Ituri : Le président du Kyaghanda Yira dénonce un « génocide » à Mambasa et exige un nouveau commandement militaire
Face à l’escalade de la violence en territoire de Mambasa (Ituri), le Chef de Travaux Mufalme Muhindo Muke, président de la communauté Yira à Bunia, a brisé le silence. Dans une déclaration percutante, il interpelle les autorités congolaises sur ce qu’il qualifie de véritable « génocide » perpétré par les rebelles ADF, dénonçant au passage une inertie coupable des instances dirigeantes.
Le constat dressé par Mufalme Muhindo Muke est sans appel.
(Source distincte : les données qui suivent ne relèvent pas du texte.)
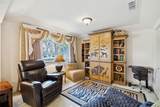 1430 Bar Harbor Circle - Photo 28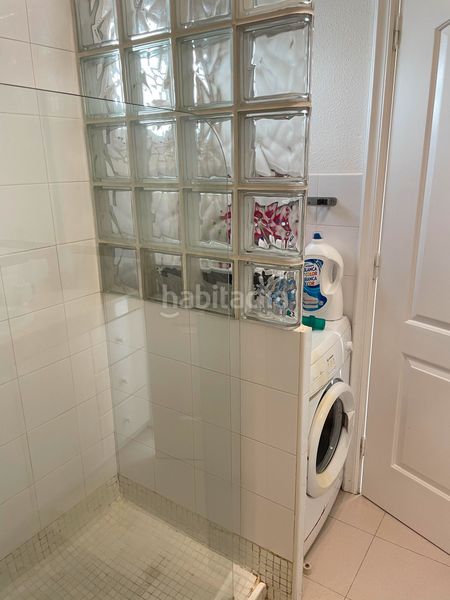 Foto 306e2ef9-c2a6-4d88-976a-27c6d23f612c. Lloguer apartament amb aparcament piscina a Torviscas Centro y Alto Adeje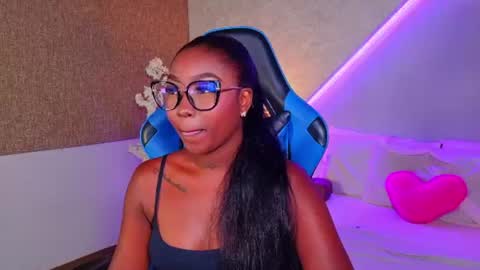 kishalove_ online show from July 2, 2026, 10:21 am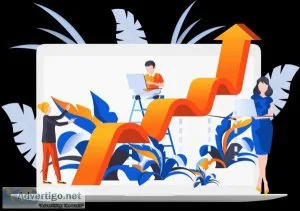Pay per click (ppc) advertising agency in noida, india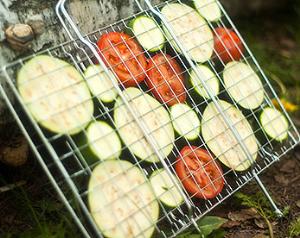 В Москве станет больше мест для пикников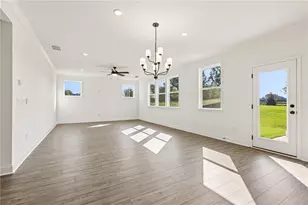 1020 Nichols Farm Circle, Dacula, GA 30019 - Photo 10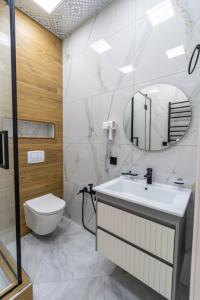 Дом у моря - 114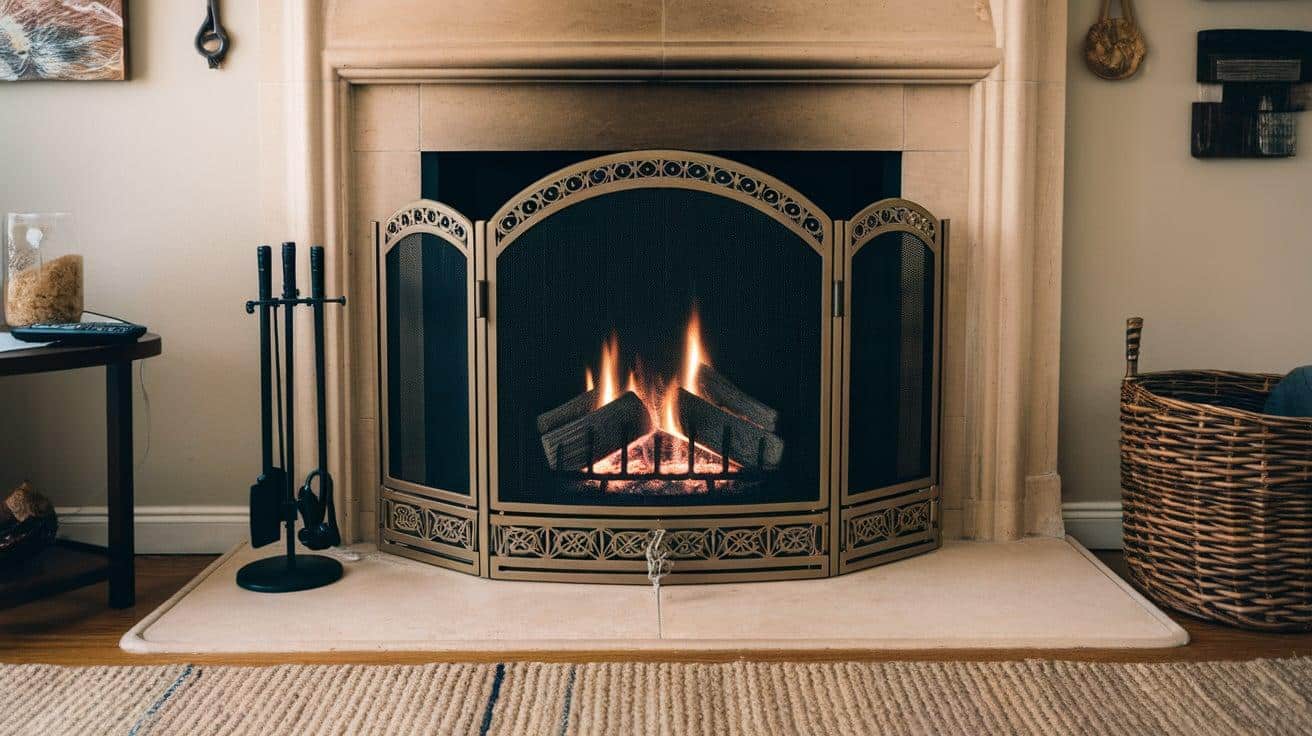 Safe-Screen_Gas_Fireplace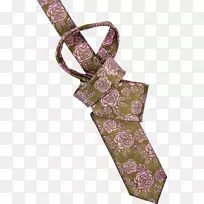 领带时尚丝绸意大利-男式领带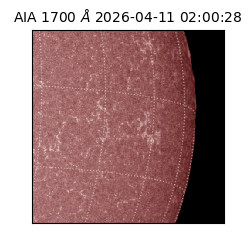 saia - 2026-04-11T02:00:28.449000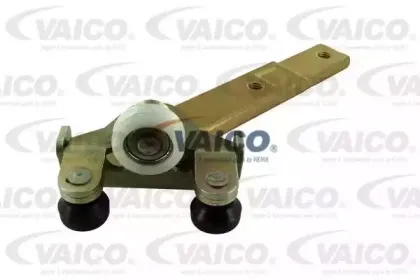 Направляющая ролика, сдвижная дверь VAICO купить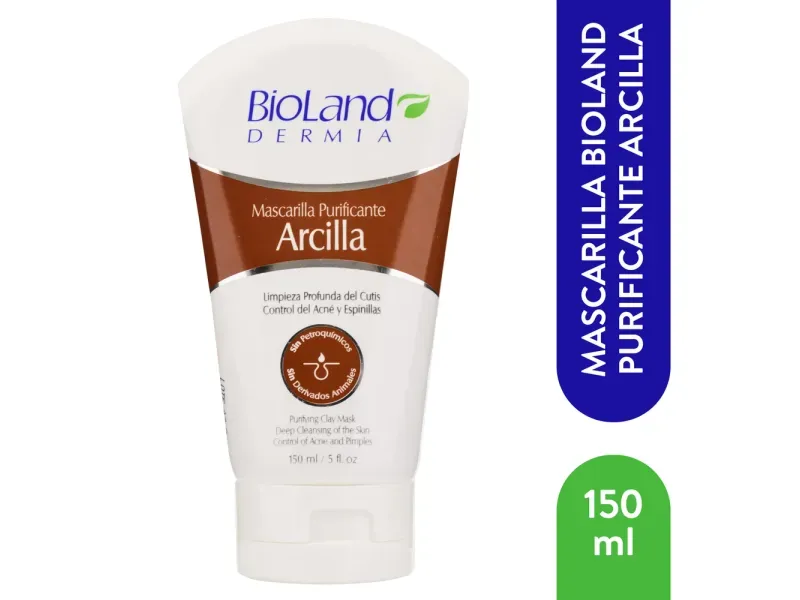 GTIN-0759316670079-01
Les civils, piliers économiques et sociaux de la région, subissent un calvaire quotidien marqué par des massacres systématiques : Tueries de masse et égorgement, prises d’otages assorties de demandes de rançons exorbitantes, variant entre 8 000 $ et 15 000 $, des destructions matérielles : Incendies volontaires d’habitations.
« Ce sont des êtres humains créés à l’image de Dieu qui meurent comme des mouches. C’est un génocide qui se vit dans ce territoire », a martelé le leader communautaire.
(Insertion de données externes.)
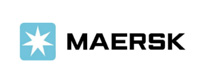 MAERSK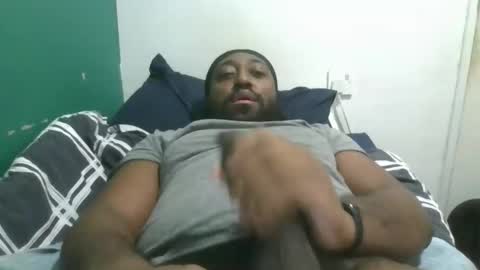 Snapshot of mrlust6969 chatting on 09.23.25 mrlust6969 online show from 09.23.25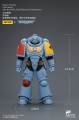 figurka-warhammer-space-wolves-intercessor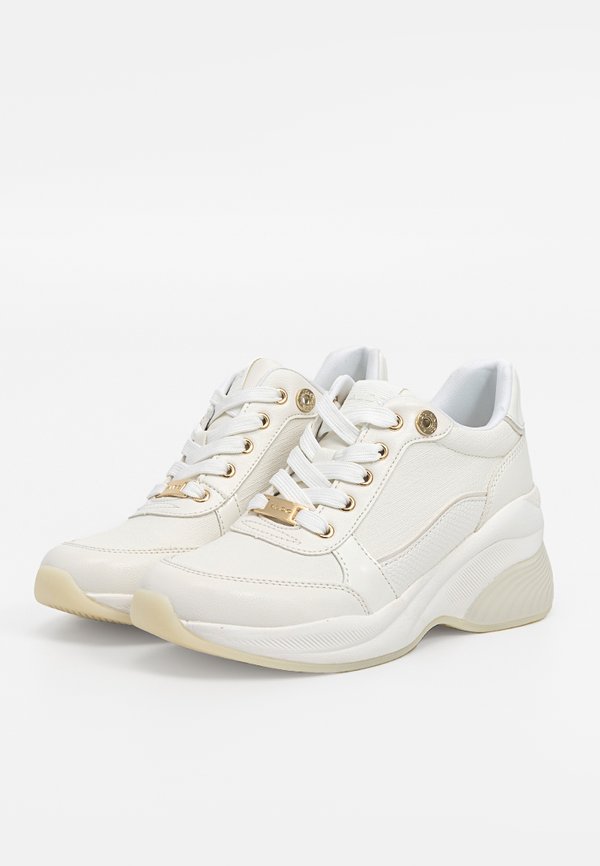 ALDO CORE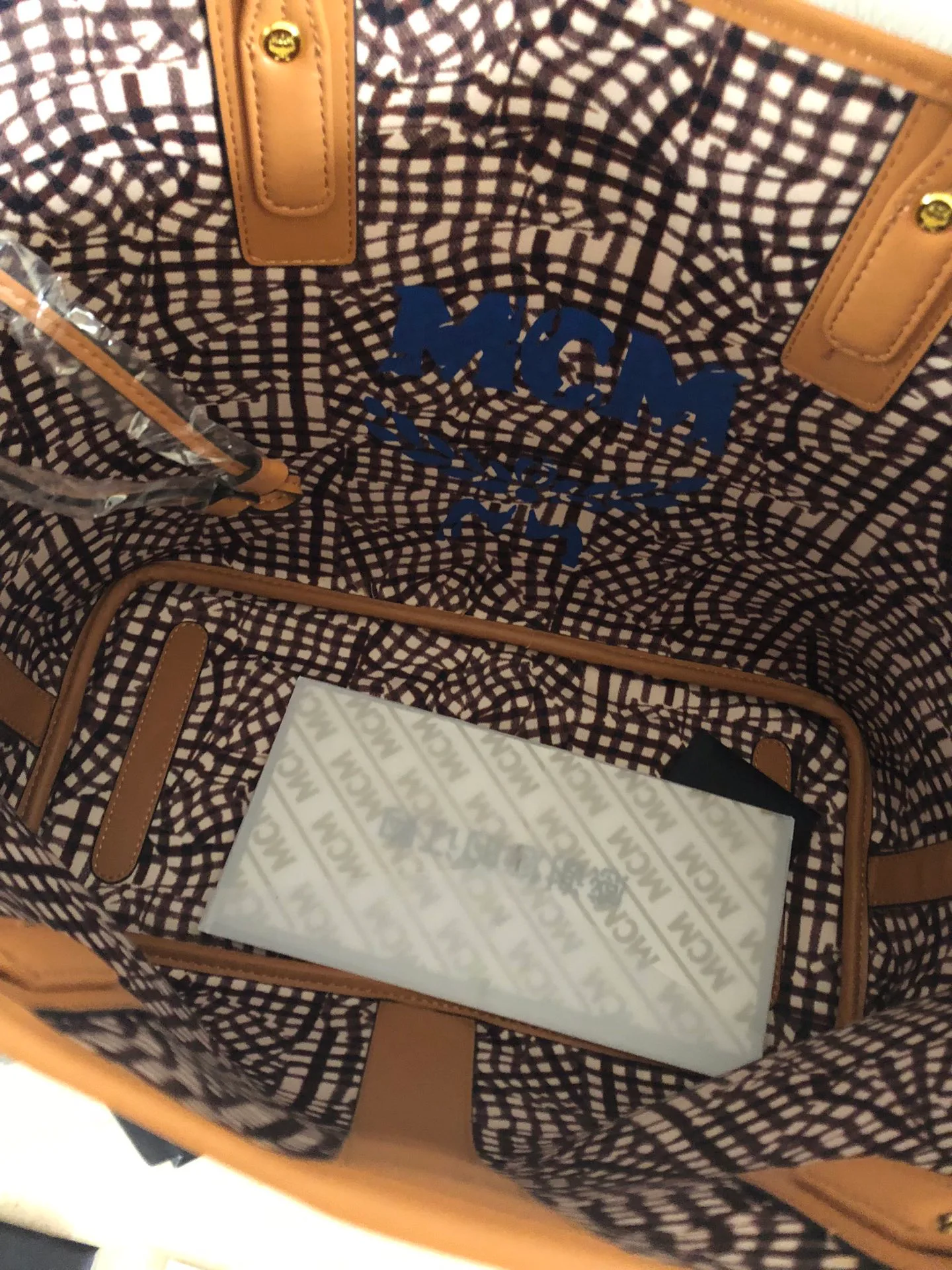 Классические Сумки Женские Mcm 5348178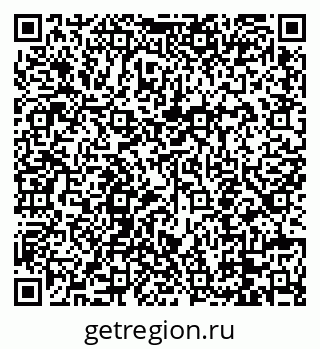 79088655013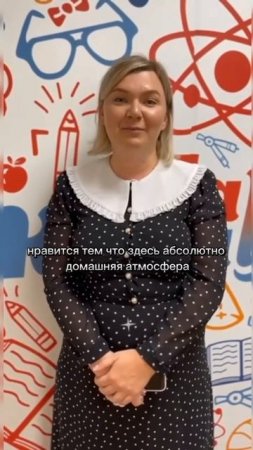 -8050387265843211777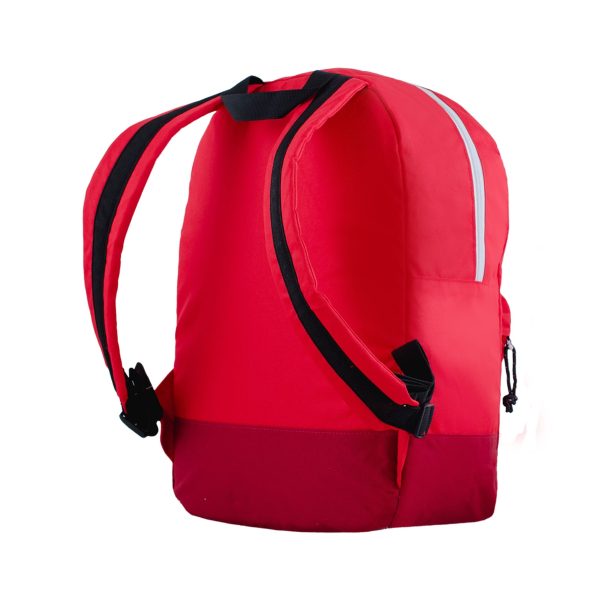 MOCHILA MIQUELRIUS PREMIUM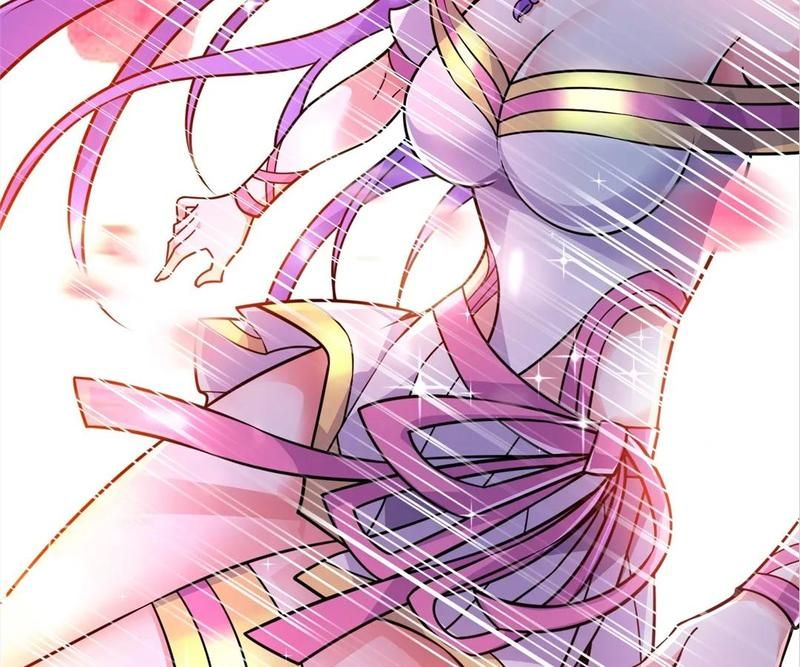 Read Eternal First Son-In-Law chapter 164 image 41 on Lezhin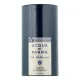 Acqua di Parma Blu Mediterraneo Mirto di Panarea toaletná voda unisex 100 ml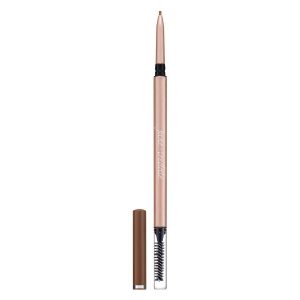 Jane Iredale Retractable Eyebrow Pencil Ash Blonde kuva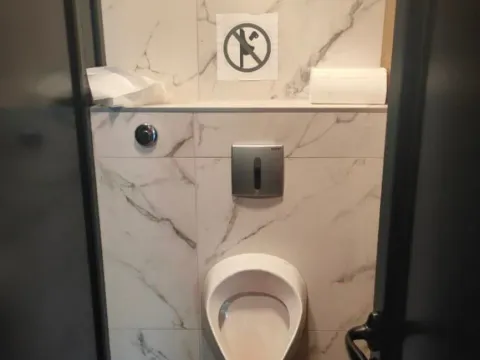 Izdavanje, poslovni prostor, 394m², Novi Sad Sve Podlokacije, Novi Sad - image 13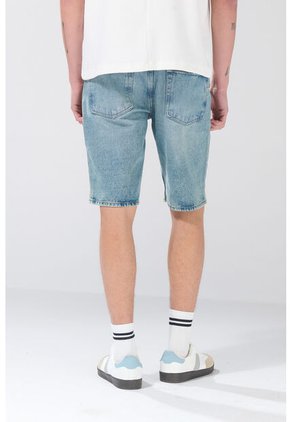 KOAJ BERMUDA KOAJ JEAN 31089 1/26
L’avancée inquiétante des rebelles
L’inquiétude grandit également face à la progression territoriale des assaillants. Alors qu’ils étaient localisés à 25 km de Mambasa il y a peu, les rebelles se situent désormais à 40 kilomètres de Bandegaido. Cette expansion géographique pose une question cruciale : quelle est la stratégie réelle des forces de sécurité face à cette avancée ?
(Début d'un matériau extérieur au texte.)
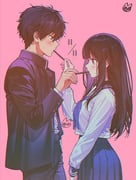 Post 11900180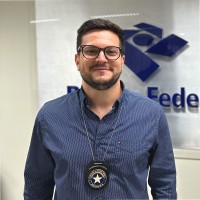 Érico P.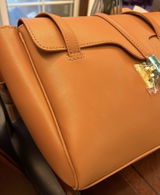Jacque G. review photo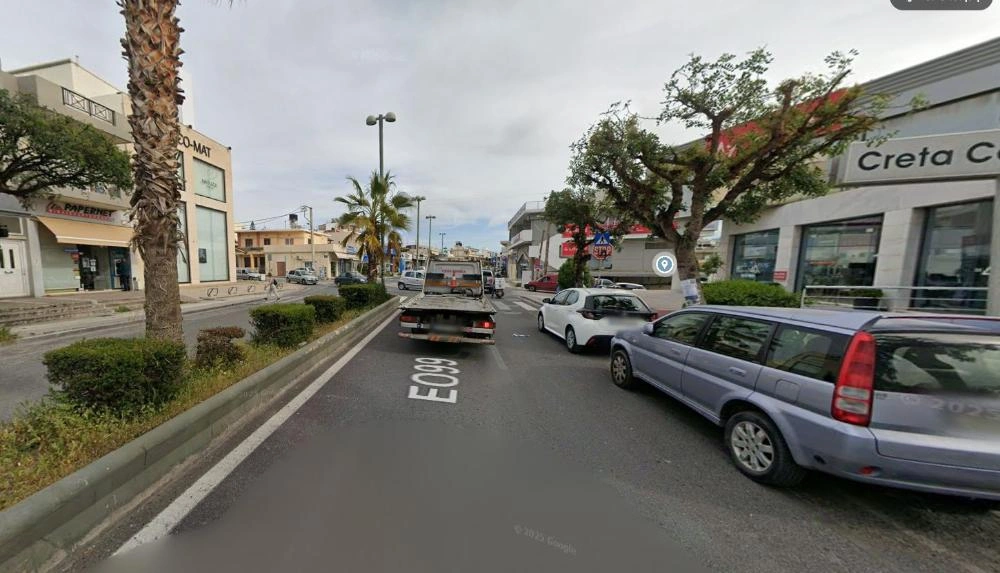 1 - business for sale in ágios ioánnis crete greece
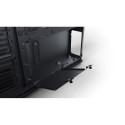 PHANTEKS Enthoo 719 Full-Tower, Tempered Glass, DRGB - Black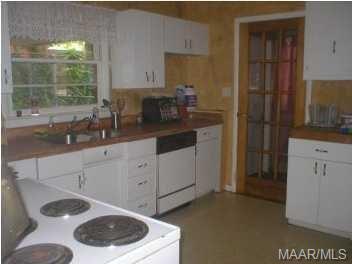 Building Photo - 513 Forest Hills Dr
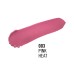 RIMMEL KIND & FREE MULTI-STICK 003 PINK HEAT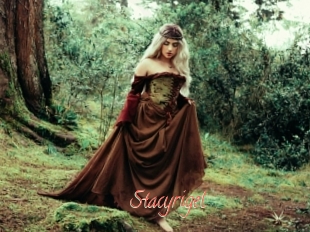 Stacyrigel
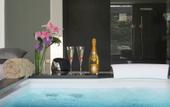 Туры в отель Tesoro Blu Hotel and Spa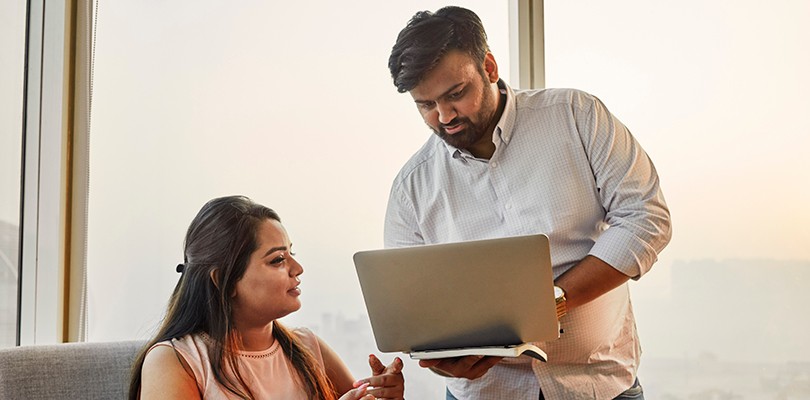 HubSpot and LinkedIn Ads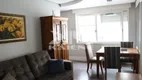 Foto 5 de Apartamento com 1 Quarto à venda, 47m² em Auxiliadora, Porto Alegre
Mufalme Muhindo Muke ne mâche pas ses mots à l’égard de la hiérarchie militaire locale. Il pointe du doigt plusieurs dysfonctionnements majeurs. Il appelle ouvertement au remplacement du commandant des opérations à Mambasa, s’interrogeant même sur une éventuelle complicité avec l’ennemi.
Il fustige le sort réservé aux otages ayant réussi à s’échapper, qui, au lieu de recevoir un soutien psychologique et sécuritaire, se retrouvent parfois derrière les barreaux.Tout en réaffirmant que les FARDC restent le seul rempart légitime, il exige qu’elles remplissent leur mission régalienne : la protection des citoyens et de leurs biens.
Cette sortie médiatique intervient dans un climat particulièrement meurtrier. Pas plus tard que ce jeudi 2 avril, une nouvelle incursion des terroristes ADF à Bafwakowa (chefferie des Bandaka) a coûté la vie à 43 civils, illustrant l’urgence absolue d’un changement de stratégie dans la zone.